For years, the Association of Quality Wineries has called for clearer differentiation between wines that guarantee Rioja’s quality standards and those that don’t, to prevent unfair competition. What’s your view?
Rioja always guarantees quality — that’s what’s brought us here, celebrating a Centenary that no other Spanish D.O. can match. Rioja’s recognized quality has been key to our success. Rioja has been a Qualified Designation of Origin since 1991 — the highest level — and was the first in Spain to achieve it. That status was earned, not granted. We’ve always been self-demanding, and with “Qualified” status comes stricter regulations — such as mandatory bottling at origin. We continue to raise the bar, for example by strengthening the tasting panel to make it one of the most rigorous systems in the world. There are no shortcuts in Rioja: everything is subject to the strictest controls. Quality is not a goal — it’s a shared commitment. Being Rioja means certainty, traceability, and excellence.
Would it make sense to move toward a model in which representation is based more on value than volume — where those who contribute more to the Rioja brand are better represented on the Council?
We’ve already worked in that direction. Representation isn’t only based on volume but also on the average export price per category. A liter of Crianza is not valued the same as a liter of Reserva. And new measures can still be taken if the sector agrees. In fact, this year, a reform was approved to increase representation for those whose average sales value is twice the market average. These are gradual, coherent steps forward.

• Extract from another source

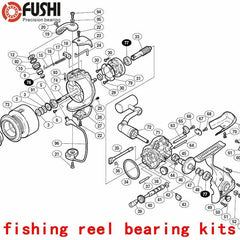 Fishing Reel Ball Bearings Kits For Shimano 02 ultegra 2500 & Arb ( - VirtuousWares.Store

In recent years, some voices — especially from Rioja Alavesa — have called for greater differentiation. What message would you send to those who still feel their identity isn’t sufficiently recognized?
I deeply admire Rioja Alavesa — its wines, its people, its landscapes, and its history, which fully deserves recognition. Each subzone has its own unique charm and character. A wine from San Asensio isn’t the same as one from San Vicente, just as one from Kripán differs from one from Lanciego — or from my hometown of Quel and Murillo de Río Leza. That diversity is the very essence of Rioja.
Rioja was born from a historic alliance among towns and wineries, long before the D.O. formally existed. It arose from the need to protect and distinguish what was genuinely Rioja — and excellent. We’ve recalled these origins throughout the Centenary. In recent years, we’ve developed new tools to express that diversity: Viñedos Singulares, Vinos de Pueblo, zone mentions, native varieties — all ways to highlight the uniqueness of each territory. I believe the path is not separation, but building together. The recent ruling on Viñedos de Álava confirmed that Rioja’s model works and embraces all sensibilities. My message is clear: Rioja is a shared project where everyone belongs — and that has been true for over 100 years. Diversity isn’t a threat; it’s our strength. That’s what brought us here, and that’s what will guide us confidently into the future.